The researcher or reviewer wishing to locate relevant data objects for a study is therefore faced with a bewildering mosaic of possible source locations and access mechanisms, and this problem of ‘discoverability’ will almost certainly become much worse in the future as more and more materials is made available for sharing.
The Project's Aims
To maximise the discoverability of all these data objects, it is necessary to collect the metadata about them, including object provenance, location and access details, into a single system.

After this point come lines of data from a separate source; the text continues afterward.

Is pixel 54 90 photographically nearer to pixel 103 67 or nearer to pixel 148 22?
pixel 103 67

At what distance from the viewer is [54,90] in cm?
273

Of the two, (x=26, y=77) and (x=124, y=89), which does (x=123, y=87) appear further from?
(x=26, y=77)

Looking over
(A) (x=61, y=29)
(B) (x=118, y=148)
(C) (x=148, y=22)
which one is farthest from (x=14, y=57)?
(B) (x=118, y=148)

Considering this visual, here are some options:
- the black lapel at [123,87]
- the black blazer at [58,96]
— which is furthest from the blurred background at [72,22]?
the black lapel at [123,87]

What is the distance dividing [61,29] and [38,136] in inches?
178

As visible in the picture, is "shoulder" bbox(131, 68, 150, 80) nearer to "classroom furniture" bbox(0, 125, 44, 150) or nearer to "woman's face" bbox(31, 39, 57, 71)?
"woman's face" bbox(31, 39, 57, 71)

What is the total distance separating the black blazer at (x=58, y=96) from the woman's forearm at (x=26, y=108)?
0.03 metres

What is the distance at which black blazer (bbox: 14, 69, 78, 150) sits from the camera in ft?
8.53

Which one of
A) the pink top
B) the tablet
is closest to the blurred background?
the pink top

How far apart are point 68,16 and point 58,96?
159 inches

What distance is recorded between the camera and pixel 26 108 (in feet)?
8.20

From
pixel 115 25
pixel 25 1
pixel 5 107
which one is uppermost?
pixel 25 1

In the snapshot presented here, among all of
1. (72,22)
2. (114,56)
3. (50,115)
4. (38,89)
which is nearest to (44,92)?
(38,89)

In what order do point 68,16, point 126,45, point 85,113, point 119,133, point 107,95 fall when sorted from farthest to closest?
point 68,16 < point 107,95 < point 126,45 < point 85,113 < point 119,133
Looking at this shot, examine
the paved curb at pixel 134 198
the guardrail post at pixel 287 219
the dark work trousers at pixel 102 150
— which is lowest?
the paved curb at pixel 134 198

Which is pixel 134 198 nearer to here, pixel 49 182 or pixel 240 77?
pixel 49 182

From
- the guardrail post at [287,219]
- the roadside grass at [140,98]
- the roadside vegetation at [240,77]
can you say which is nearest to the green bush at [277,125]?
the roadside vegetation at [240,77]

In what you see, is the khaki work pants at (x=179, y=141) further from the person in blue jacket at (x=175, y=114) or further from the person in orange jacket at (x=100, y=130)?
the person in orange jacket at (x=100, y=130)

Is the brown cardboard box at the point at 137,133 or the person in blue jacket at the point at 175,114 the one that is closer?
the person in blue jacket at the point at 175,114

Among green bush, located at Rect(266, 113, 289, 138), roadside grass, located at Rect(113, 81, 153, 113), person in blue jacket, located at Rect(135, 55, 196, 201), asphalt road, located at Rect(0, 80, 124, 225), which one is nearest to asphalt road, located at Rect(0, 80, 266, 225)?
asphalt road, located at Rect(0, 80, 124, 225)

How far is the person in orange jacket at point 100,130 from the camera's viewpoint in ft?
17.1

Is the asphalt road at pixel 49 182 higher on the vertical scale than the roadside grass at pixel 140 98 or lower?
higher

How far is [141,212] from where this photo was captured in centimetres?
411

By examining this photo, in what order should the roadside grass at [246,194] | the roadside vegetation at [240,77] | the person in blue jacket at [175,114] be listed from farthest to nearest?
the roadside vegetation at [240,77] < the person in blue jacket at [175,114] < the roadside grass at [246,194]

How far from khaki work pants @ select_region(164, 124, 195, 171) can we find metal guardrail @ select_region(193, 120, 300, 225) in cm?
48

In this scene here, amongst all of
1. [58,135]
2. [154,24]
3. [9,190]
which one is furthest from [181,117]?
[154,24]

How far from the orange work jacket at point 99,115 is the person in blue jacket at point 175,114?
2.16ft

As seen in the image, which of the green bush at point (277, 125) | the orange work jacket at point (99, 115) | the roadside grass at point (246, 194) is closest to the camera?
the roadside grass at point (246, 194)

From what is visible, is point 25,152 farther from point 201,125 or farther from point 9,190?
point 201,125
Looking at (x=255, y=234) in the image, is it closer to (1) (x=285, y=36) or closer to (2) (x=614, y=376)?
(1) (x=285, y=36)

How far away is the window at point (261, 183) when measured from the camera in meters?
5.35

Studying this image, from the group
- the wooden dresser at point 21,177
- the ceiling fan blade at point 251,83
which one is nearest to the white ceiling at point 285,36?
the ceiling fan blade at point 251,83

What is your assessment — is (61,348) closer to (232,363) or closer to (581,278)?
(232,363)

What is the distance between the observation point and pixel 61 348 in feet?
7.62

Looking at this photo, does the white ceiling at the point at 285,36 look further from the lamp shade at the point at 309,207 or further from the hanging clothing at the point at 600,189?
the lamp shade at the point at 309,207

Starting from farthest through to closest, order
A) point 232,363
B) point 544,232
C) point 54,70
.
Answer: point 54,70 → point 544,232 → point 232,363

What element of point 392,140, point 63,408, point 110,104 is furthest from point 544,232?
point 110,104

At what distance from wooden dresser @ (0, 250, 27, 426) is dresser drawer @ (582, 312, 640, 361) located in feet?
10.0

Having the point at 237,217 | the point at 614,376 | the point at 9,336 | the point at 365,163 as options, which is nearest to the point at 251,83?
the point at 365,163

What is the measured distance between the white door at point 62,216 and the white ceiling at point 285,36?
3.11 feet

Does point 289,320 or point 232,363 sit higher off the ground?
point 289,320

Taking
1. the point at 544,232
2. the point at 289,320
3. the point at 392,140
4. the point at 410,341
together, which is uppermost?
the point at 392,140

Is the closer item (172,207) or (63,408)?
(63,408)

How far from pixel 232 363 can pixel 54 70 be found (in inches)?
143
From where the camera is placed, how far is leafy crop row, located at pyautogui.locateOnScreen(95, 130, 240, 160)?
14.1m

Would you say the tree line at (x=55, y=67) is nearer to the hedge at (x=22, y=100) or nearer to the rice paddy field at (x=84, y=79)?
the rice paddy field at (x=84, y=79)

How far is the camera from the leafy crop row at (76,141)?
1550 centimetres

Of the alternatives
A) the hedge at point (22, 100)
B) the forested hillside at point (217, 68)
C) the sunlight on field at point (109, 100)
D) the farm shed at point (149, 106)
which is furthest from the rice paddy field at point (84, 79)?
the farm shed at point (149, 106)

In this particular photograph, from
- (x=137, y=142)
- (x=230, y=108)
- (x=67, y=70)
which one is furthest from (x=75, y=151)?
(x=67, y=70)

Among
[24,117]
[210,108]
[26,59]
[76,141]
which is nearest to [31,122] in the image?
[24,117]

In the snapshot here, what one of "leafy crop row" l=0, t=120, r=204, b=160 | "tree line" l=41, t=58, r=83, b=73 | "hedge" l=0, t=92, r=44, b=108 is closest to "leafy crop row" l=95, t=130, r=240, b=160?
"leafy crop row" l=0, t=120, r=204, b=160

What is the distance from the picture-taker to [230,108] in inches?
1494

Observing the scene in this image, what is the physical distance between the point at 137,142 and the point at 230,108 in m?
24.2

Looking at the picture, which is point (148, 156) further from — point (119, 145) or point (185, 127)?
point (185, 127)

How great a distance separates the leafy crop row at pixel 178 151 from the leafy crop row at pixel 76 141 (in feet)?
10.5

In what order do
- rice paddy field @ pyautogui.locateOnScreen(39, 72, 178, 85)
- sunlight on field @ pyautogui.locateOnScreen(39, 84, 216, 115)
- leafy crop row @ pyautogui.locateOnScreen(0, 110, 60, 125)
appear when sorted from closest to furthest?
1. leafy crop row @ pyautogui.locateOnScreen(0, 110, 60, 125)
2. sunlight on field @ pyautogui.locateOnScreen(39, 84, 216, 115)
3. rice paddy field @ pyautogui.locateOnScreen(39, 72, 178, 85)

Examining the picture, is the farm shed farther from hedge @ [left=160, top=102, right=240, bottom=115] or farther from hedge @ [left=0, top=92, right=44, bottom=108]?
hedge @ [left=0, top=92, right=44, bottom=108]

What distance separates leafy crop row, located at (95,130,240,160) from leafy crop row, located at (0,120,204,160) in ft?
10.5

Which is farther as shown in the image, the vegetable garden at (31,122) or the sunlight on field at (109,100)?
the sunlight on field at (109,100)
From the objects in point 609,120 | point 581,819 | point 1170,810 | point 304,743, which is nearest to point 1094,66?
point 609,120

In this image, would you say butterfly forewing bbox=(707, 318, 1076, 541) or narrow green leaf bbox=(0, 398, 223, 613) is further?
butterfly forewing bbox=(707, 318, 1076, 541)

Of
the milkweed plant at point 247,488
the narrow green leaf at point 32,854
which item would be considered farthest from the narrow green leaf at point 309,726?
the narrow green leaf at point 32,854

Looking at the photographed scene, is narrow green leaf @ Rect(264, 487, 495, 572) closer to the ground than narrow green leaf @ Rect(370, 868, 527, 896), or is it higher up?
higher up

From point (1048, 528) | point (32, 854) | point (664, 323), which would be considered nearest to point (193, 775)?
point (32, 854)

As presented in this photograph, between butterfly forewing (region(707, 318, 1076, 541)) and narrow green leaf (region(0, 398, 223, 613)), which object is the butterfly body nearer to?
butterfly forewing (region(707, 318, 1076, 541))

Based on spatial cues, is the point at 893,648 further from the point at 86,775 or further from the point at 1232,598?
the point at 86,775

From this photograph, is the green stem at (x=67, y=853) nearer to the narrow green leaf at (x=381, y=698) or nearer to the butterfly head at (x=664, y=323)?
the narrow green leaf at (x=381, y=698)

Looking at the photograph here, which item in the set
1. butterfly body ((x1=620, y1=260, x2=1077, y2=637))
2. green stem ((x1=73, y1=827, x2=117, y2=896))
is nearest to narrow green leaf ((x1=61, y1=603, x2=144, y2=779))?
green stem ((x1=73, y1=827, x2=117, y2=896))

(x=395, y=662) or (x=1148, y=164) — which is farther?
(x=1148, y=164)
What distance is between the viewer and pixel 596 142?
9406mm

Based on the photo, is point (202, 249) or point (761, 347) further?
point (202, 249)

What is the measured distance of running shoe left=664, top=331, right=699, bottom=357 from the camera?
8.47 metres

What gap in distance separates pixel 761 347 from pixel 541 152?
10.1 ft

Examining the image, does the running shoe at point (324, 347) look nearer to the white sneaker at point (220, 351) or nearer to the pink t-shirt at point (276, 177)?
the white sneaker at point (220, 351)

To that end this project will attempt to develop an MDR (MetaData Repository) to assemble, standardise and display the metadata about clinical studies and the data objects generated by them, providing access to that metadata through a single system, accessed via a web portal.
Implementation
The web portal is developed in collaboration with ONEDATA (see https://www.onedata.org/#/home) and INFN at Bologna (Istituto Nazionale di Fisica Nucleare Sezione di Bologna, see http://www.bo.infn.it/). Development of the whole project has been within the H2020 eXtreme - DataCloud (XDC) project, see http://www.extreme-datacloud.eu/the-project/), funded by the EU under grant agreement 777367.
Metadata from a variety of data sources have been collected by ECRIN using different modalities (e.g. DB download, import of XML files through an API, scraping of web pages) and stored in a relational DB on the test bed server at INFN. Data is then exported as json file metadata to the OneData file management system and indexed via Elastic Search to make it available to the web portal.